Cheat days are a lousy idea if you want a change in your life. People say well it's too much to just give it up. If you have a cheat day planned than you haven't changed. Diets don't work. They don't work on food or drugs or depression or anything else. You can't be victorious if you already have a planned failure coming up. You don't get to be victorious for a few weeks so that you can go back to loosing again. If you are taking a break from lying but have a new lie planned out for next week then you never took a break to begin with you just used some patience to make it a good one.
*I remember writing this. I don't believe in cheat days on substances that you have an addiction to but now 10 years later I am looking for balance. No alcohol but I am experimenting with planned cheat days with my eating. This is hard for me and should not be done right away but now that I am skinnier than I have ever been it is important I learn moderation which is a curse word to me. It had to be for me to get to this point. Always coming back to center.
My last one
Here is a mistake I made a thousand times. This is my last__________. Yeah, fill in the blank. It doesn't matter what it is. You never get to have that one last magical experience with your addiction because then you'll remember the magic and forget it was you last time. You have to quit when your half way through or when it's already over. When you're hung over or feeling sick because of the shame. That's where quitting lives stay there. You give yourself one last great whatever and the chances of you not going back are slim to none. Think this way the last time I _______ was my last time. The next time is never the last time.
*I was talking with a friend the other day and trying to explain this idea. if you make the last one of the thing you are trying to quit the experience will be gloried which will make it even harder to quit. You want the last one to be the worst one so that it is easy to remember the negative and not the positive side of the addiction. Some people are planning to quit and other too busy quitting to plan it since not doing a thing doesn't really require that much of a plan.
I have met a lot of these people. I was one of these people. They always have a great plan of attack.

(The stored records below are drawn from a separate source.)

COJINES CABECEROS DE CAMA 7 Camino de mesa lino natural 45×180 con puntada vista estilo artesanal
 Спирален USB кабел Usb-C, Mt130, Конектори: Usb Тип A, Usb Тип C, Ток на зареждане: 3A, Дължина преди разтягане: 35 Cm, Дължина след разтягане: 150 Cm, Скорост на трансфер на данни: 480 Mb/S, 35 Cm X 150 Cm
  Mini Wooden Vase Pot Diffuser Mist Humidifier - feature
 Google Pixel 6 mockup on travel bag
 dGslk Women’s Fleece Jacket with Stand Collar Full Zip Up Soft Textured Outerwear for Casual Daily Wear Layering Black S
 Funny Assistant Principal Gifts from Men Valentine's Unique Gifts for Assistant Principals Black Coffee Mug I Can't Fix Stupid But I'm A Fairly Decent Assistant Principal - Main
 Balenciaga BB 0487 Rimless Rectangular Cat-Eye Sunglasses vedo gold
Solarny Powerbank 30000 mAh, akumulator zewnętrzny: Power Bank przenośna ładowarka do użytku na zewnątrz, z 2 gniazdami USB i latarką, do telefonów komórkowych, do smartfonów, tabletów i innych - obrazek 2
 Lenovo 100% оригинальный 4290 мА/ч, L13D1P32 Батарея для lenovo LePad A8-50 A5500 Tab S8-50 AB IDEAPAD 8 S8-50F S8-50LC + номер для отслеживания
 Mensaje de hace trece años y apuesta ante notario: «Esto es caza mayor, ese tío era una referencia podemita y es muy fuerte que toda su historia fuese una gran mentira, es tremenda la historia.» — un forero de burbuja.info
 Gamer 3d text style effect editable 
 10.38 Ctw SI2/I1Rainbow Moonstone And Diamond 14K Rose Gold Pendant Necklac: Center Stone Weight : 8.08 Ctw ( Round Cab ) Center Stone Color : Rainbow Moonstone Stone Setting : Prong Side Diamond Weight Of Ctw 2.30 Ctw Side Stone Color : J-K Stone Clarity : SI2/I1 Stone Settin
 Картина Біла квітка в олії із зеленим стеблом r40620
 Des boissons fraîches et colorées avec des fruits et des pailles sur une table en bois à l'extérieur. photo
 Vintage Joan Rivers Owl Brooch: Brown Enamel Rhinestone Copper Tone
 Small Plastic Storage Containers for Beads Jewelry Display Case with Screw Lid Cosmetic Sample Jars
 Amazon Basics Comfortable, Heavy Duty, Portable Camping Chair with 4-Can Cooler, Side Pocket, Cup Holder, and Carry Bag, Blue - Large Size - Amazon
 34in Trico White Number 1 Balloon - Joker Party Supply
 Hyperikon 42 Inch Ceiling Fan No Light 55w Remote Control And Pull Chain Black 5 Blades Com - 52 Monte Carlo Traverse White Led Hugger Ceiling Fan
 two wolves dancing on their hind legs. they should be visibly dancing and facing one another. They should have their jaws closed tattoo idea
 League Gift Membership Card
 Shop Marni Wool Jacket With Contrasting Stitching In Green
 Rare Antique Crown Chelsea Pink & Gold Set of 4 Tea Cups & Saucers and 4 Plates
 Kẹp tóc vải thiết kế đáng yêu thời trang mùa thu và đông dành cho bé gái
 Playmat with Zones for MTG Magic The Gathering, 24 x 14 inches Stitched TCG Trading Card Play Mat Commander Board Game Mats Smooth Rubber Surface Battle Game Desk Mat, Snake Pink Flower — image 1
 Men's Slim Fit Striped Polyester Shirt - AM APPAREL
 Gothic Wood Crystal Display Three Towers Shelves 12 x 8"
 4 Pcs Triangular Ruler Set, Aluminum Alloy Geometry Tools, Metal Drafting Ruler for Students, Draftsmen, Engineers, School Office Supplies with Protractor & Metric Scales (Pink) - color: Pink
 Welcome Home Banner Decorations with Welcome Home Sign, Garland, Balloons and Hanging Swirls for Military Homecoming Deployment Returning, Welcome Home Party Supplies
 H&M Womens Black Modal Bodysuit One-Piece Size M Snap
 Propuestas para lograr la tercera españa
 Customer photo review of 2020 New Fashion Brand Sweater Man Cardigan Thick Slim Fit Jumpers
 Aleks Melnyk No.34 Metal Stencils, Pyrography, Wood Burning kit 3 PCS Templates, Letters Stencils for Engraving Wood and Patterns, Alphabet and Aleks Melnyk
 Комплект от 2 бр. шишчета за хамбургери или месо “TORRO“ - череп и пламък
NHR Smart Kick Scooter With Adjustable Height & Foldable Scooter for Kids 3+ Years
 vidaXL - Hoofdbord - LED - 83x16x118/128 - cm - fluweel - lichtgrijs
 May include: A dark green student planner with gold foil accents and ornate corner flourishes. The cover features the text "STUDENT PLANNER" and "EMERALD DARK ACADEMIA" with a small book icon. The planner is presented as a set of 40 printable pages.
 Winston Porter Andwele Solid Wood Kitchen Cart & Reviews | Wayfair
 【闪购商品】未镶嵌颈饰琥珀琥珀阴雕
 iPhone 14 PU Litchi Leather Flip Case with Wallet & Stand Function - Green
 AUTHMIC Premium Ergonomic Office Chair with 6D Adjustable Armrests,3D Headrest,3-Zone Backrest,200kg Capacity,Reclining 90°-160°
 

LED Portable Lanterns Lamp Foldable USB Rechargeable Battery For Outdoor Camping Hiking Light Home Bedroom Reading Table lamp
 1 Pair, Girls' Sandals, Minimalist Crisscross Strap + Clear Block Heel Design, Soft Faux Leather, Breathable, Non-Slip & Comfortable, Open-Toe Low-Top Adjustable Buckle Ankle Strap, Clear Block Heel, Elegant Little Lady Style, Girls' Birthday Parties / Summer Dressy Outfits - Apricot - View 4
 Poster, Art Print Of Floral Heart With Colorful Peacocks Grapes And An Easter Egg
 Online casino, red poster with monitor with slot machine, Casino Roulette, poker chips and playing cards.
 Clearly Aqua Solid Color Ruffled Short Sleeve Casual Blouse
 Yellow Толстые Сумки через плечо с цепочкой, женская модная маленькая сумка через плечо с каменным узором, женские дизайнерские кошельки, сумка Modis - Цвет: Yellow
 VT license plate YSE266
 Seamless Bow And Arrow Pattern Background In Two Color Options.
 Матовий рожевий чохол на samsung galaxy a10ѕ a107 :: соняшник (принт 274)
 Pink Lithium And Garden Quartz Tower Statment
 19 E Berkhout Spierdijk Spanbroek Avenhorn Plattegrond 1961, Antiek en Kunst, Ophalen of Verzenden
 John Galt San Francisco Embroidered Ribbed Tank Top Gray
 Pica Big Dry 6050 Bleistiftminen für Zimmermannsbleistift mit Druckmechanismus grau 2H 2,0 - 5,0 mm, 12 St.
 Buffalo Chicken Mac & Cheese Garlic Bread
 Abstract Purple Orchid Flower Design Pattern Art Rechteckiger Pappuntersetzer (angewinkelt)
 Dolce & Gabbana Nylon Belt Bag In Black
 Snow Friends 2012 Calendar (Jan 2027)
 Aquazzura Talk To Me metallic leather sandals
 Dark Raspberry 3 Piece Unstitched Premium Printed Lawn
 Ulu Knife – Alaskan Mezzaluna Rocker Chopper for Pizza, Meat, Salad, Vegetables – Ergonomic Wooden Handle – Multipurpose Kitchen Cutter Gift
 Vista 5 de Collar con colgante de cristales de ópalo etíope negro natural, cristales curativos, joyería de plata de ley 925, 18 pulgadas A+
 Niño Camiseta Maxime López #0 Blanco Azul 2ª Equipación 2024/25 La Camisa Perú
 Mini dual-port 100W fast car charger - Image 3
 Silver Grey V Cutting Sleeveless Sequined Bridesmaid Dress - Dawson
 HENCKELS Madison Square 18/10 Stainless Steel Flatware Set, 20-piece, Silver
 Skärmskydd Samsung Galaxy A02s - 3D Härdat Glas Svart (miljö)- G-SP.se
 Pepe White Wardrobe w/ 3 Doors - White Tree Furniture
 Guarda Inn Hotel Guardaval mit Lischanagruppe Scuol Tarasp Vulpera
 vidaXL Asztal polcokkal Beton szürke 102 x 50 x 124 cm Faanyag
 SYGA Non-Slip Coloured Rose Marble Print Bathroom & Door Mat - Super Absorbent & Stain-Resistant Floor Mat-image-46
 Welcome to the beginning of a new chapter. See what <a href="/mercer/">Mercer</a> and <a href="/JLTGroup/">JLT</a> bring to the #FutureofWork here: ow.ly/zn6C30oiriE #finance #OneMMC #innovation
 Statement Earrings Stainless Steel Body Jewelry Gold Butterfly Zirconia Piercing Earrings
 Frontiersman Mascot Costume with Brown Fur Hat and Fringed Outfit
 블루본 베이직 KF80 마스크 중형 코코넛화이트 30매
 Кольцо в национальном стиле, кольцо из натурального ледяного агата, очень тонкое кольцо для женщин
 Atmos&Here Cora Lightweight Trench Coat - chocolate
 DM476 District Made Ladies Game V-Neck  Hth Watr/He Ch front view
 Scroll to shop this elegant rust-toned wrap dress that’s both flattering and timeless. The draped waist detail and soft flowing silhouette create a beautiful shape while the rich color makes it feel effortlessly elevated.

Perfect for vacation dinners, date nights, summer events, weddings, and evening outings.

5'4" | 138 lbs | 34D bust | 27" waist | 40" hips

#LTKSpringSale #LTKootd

When they see you they are telling you about the newest diet but they are still over weight. They may be at the bar telling someone about the AA meeting they are going to start going to. Or my favorite, the person with a cigarette in their hand telling someone about how they know how to quit because they've done it before and how they are going to do it again next Tuesday.
People that carry around too many plans don't have space left to carry any actual change. Plans are fine just know that people who are addicted to things are often addicted to planning.
* Wisdom is applied knowledge. I realize that in my own journey knowing a lot of information was important but only half the story the other half is applying that knowledge to accomplish my goals. This site has been a great way for me to externalize my ideas into a program for myself that has now become a program others can follow. Now is the best time to start changing or at least stop being the same.
I was an Alcoholic
This blog contains many of the ideas that helped me to get sober and stay sober.
Everything in Italics is me now, commenting on the writing from 10 years ago. Everything not in Italics is the 8 year old writing. In some ways I am the same but in others very different that is what make it interesting.